Read the sermon or download the mp3 here:

“Though arrogance and rage assail
Conspiracy will not prevail.
In death recall unerringly
That you will always reign with Me.” – John Piper, The Donkey, the Stallion, and the Strategy of the Hills

5 Responses to “The Donkey, the Stallion, and the Strategy of the Hills – An Allegory”
  1. Reblogged this on Persevering Hope and commented:
    I have the same feelings about this allegory, and would also encourage my readers to listen to it. John Piper paints a picture of the good news of salvation vividly here. I pray that those who listen to it will be as encouraged as I was.

  2. “He planted the vineyard, and set a hedge around it, and dug a winepress in it, and built a tower. And then he chose one of the poorest clans in his realm to be the tenants of his vineyard, and he promised them all the help they needed if they would but ask him and trust him to give it. It was an almost unbelievable privilege to be chosen by the great king to tend his vineyard. And in the early days the tenants loved their work. They could scarcely call it work. The king gave them all they needed, he let them eat the fruit, he guarded their borders, and sent his messengers to them often. It was as if he were doing the work.” – I am so encouraged by this, what a great picture of God’s loving grace on us.

    • Sierra says:

      That is one of my favorite passages of the sermon. We don’t deserve anything that God has given us. We are infinitely wicked, depraved, and arrogant that we would crucify His righteous and perfect Son in our words, thoughts, and actions. But then, He is infinitely gracious, loving, and forgiving, which makes salvation all the more sweeter to those who have repented and turned to Christ because of His sacrifice.
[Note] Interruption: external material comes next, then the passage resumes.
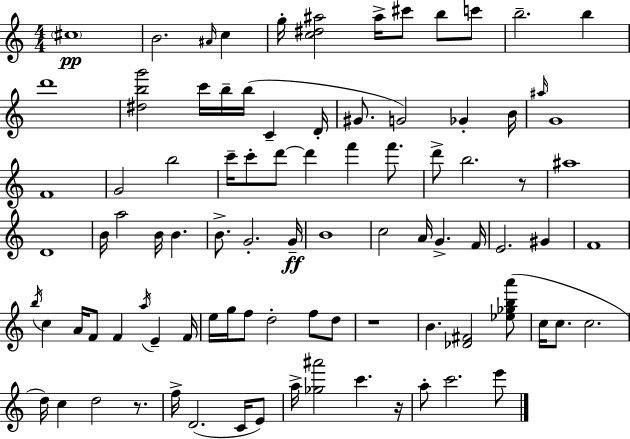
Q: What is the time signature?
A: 4/4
      • Yes. This fact is becoming ever truer and more real to me as I grow in the Lord. To paraphrase Worth Dying For, “The very Hands that held the stars, were then sentenced to wear my scars. It was love which purchased this traitor’s heart.” This love is incomprehensible. The more I grow, the more I see how my sin has made little patterns and habits in my very thoughts, words, and actions. A love such as this should drive us to abstain from sin; because we desire to return this love! I mean this with all seriousness; I think it is a truth which we are quick to forget among friends who are professing believers. Many times I will find myself saying things I would not say at home for the sake of laughs, or laughing at things I would not consider humorous at home if my sibling said it; in fact, I would reprimand her…. I’ll stop ranting; I think I might make a post on this topic.
        The passage which affected me the most is: “He looked up again and said, “Who is willing to go for me and deliver my word to the tenants of the vineyard?” And all six stepped forward, because there was no privilege greater in all the realm, than to bear the message of the king. The king took each one by the hand, looked into his eyes, and said, as if he were the only person in the world,
        Though arrogance and rage assail
        Conspiracy will not prevail.
        In death recall unerringly
        That you will always reign with me.”
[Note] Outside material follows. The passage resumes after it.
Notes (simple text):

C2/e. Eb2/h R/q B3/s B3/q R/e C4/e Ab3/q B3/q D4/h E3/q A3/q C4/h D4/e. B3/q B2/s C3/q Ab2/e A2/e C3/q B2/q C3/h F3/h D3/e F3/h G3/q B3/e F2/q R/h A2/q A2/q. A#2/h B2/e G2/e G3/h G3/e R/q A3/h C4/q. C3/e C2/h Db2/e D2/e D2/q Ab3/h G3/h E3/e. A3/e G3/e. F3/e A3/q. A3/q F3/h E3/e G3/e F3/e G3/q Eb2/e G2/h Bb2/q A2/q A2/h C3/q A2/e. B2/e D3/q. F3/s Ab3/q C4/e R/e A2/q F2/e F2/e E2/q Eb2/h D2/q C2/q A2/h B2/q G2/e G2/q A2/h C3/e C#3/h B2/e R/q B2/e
        This is how we should respond to God’s gift of His Word. There is no greater privilege in all the world, than to bear the Message of our King. There is no lasting consequence for such service; only everlasting reward. Why should we not make every effort to share it?
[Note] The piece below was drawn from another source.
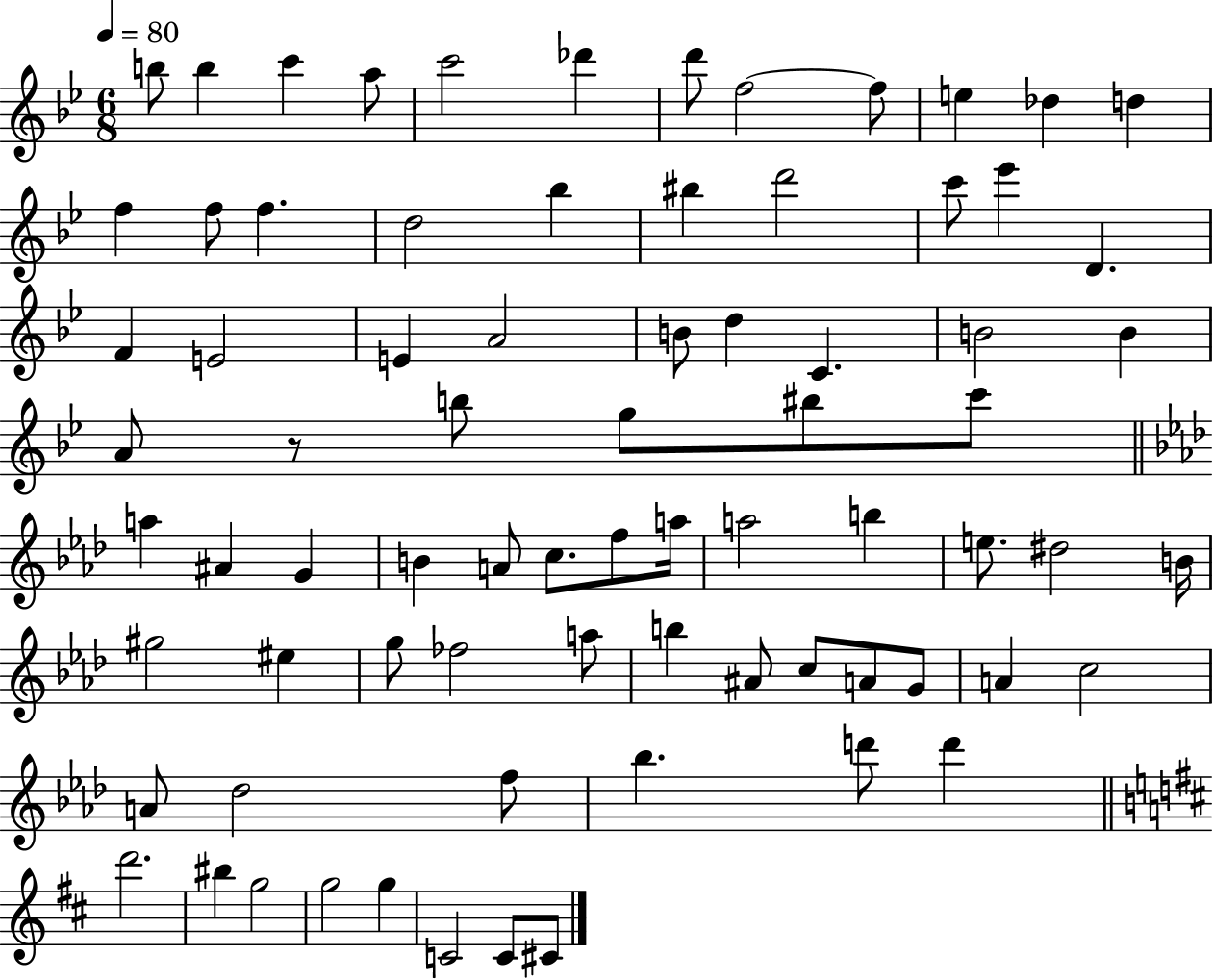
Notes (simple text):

B5/e B5/q C6/q A5/e C6/h Db6/q D6/e F5/h F5/e E5/q Db5/q D5/q F5/q F5/e F5/q. D5/h Bb5/q BIS5/q D6/h C6/e Eb6/q D4/q. F4/q E4/h E4/q A4/h B4/e D5/q C4/q. B4/h B4/q A4/e R/e B5/e G5/e BIS5/e C6/e A5/q A#4/q G4/q B4/q A4/e C5/e. F5/e A5/s A5/h B5/q E5/e. D#5/h B4/s G#5/h EIS5/q G5/e FES5/h A5/e B5/q A#4/e C5/e A4/e G4/e A4/q C5/h A4/e Db5/h F5/e Bb5/q. D6/e D6/q D6/h. BIS5/q G5/h G5/h G5/q C4/h C4/e C#4/e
  3. So true Noah, our greatest pleasure is to share His message of forgiveness. 1 Corinthians 9:16-18 says, “For if I preach the gospel, I have nothing to boast of, for necessity is laid upon me; yes, woe is me if I do not preach the gospel! For if I do this willingly, I have a reward; but if against my will, I have been entrusted with a stewardship. What is my reward then? That when I preach the gospel, I may present the gospel of Christ without charge, that I may not abuse my authority in the gospel.” What a great example for us, that we would consider it our reward to be able to share the Word concerning Christ. I pray, knowing that we do not appreciate the authority of His word, that we would not be cowards who care about what others may think about or do to us, but that it would be our joy to share the gospel at every opportunity.